It’s hard when the patient’s history of mental illness gets put up front during sign-out from the ED or on your chart review. Our biases often kick in whether we intend to or not. Often the patients ability to give a good history and report symptoms accurately gets called into question and their voice gets tuned out in the shadow of their mental illness. Patients with mental health issues can just as easily develop physical illness. Which often in turn leads to exacerbation or decompensation of their underlying psychiatric diagnosis. Too often we dismiss out of hand their complaints or the “pan positive review of systems”. It is hard when someone’s psychosis or mania or anxiety is raging to discern what is the truth.

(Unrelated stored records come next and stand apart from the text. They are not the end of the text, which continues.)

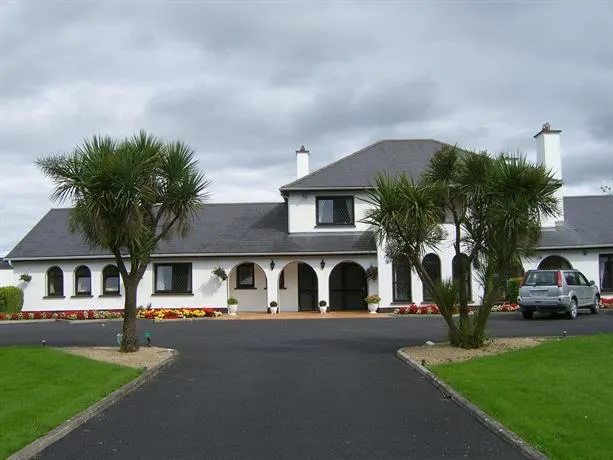 Bunratty Villa Bed and Breakfast - Image 1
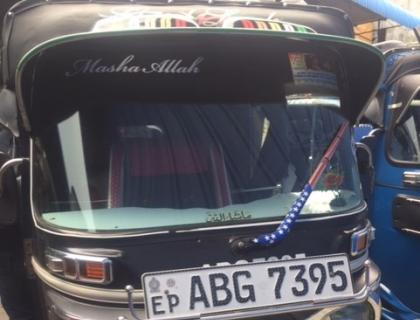 BAJAJ 4STROKE THREE WHEELER FOR SALE IN KADURUWELA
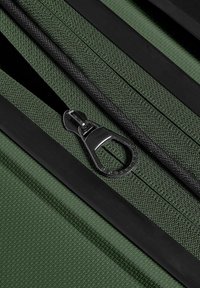 Redolz ESSENTIALS 11 4 ROLLEN KABINENTROLLEY 55 CM MIT DEHNFALTE UNISEX - Trolley - olive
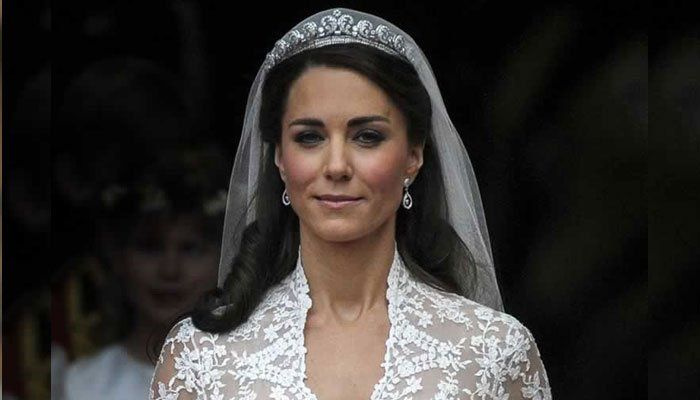 Expositor de vestido de Kate Middleton com a marca ‘horrid’ da Rainha Elizabeth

But be disciplined and approach all patients with same level of concern. Don’t stop listening and tune the patient out. That abdominal pain, even though it is the 5th time they have been to the ED, can still be an appendicitis.
4. Don’t fear the family.
I remember dreading walking into rooms with family members. They were more able in body and mind to ask questions and were not so easily dissuaded by my quick in and out of the rooms trying to get thru my morning pre-rounds. I feared them. Not just because of the time they took that I did not have, but also, I felt they would expose me for what I was. An imposter. Unable to answer their questions, I feared more what they made me think and feel about myself.
They fear too. They worry about their loved ones. They are confused, out of place, disoriented and are trying to advocate in the best way they know how. Don’t fear them. Lean into them. Sit down. Answer questions even if it means saying you do not know. Start getting comfortable with diagnostic uncertainty and being able to talk about that with patients and families. Honesty combined with empathy goes a long way towards building trust and confidence.
5. Recognize wins.
I have written about this before in another post 10 Tips For New Interns For Surviving and Thriving in the Intensive Care Unit but I think its important enough to include here as well. Learn to retrain your brain. As physicians, we tend to focus and dwell on what went wrong. The challenging patients and families. Frustration over missing labs or delays in imaging. The complications of our interventions. The bad outcomes. The deaths. This is where our brains go when we are most tired and beaten down after an exhausting and non-stop twenty-four hours. But in doing so, we miss out on celebrating our wins. We successfully shepherd so many patients through the treacherous and complex world of medical illness. Treating a “routine” COPD exacerbation and managing them through their hospital stay to discharge without any drama or significant adverse event is no easy task. But we fail to value our role in this as a win. It is viewed as a baseline expectation. We need to learn that there is nothing given about a patient’s course. If we blame ourselves for the bad, then we must take credit for the good. We focus so much on what goes wrong or in our perceived failures to help or heal our patients we end up ignoring all the positive around us.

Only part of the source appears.